神奈川月記9008

前月目次次月


冠省
いつだったか誉めといた浅草キッドが『ザ・TV演芸』の「激突!笑いのデスマッチ」に再登場を果たした。今度は順調に勝ち進んでゐるらしい。らしいと言ふは,第1週を完全に観逃したからである。だるま食堂以来ろくなのが出なかったんでちょいと目を離したら,途端に此れだ。誠に油断は大敵であって,お笑ひ鑑賞家たる者ゆめゆめ監視を怠ってはならぬ。
2週目からはVCRを回して記録に努めるけれど,元もとゴルフや柔道や体操でよく潰れる番組である,イレギュラな編成だとうっかり録画を忘れ易い。前に書いた通りめぼしいライヴァルも居ないから多分10週勝ち抜けるだらう。長町場だが欠けないやう残しておきたい。10年振りに現はれた関東の漫才コンビなのだ。(僕の)大きな期待が寄せられてゐる。

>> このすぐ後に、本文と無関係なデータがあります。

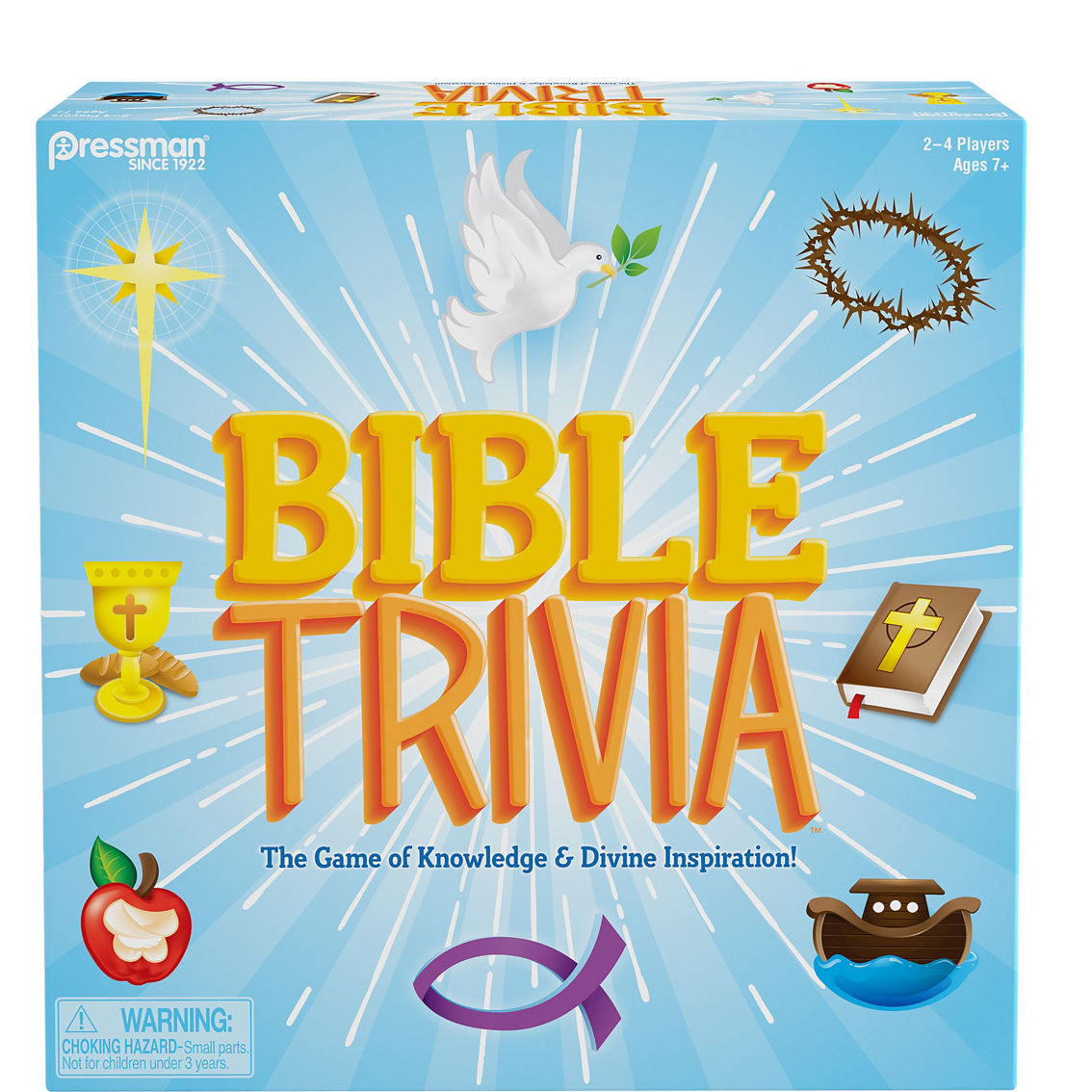 Pressman Toy Bible Trivia - The Game of Knowledge & Divine Inspiration! - Image 5 of 5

三遊亭円丈一世一代の名著『御乱心』を久久に読み返す。圓生が小さんと対立して落語芸術協会を脱退,新協会設立の画策から挫折そして死亡までを弟子の立場から描いたドキュメントである。
この本は円楽を徹底的に悪人として捉へてをり,至藝を誇った圓生は其の裏で円楽に操られる政治的に無能な老人でしかない。僕の知る限り円楽を正面から批判したのは円丈が初めてだ。圓生を殺したのが円楽である事を赤裸裸に語ってゐる。
円楽の恐ろしさは今でも『笑点』を観れば判る。笑ひ顔が一番怖いのだ。

このところ僕のライブラリに圓生師の口演が増えてきて,その藝の素晴らしさを堪能してゐる。享年72,噺家としては決して高齢ではない。惜しい人を亡くしたと今ごろ思ふ。
不幸にして僕は圓生師に間に合はなかった。師の逝去は79年の9月で──上野動物園でパンダが同じ日に死んでゐる。翌日の新聞のトップは「ランラン死す」,横に小さく「圓生さんも」と出たさうだ。あんまりだ──そのころ僕はやっと枝雀師や米朝師の上方落語を解し始めたばかりだった。遅れて来た者の悲しさも合はせて味はってゐる。
偶に僕より若くして圓生師の高座を憶えてゐるのに話を聞くと,羨ましくて仕様が無い。ちゃんと録っといてくれたら良かったのに。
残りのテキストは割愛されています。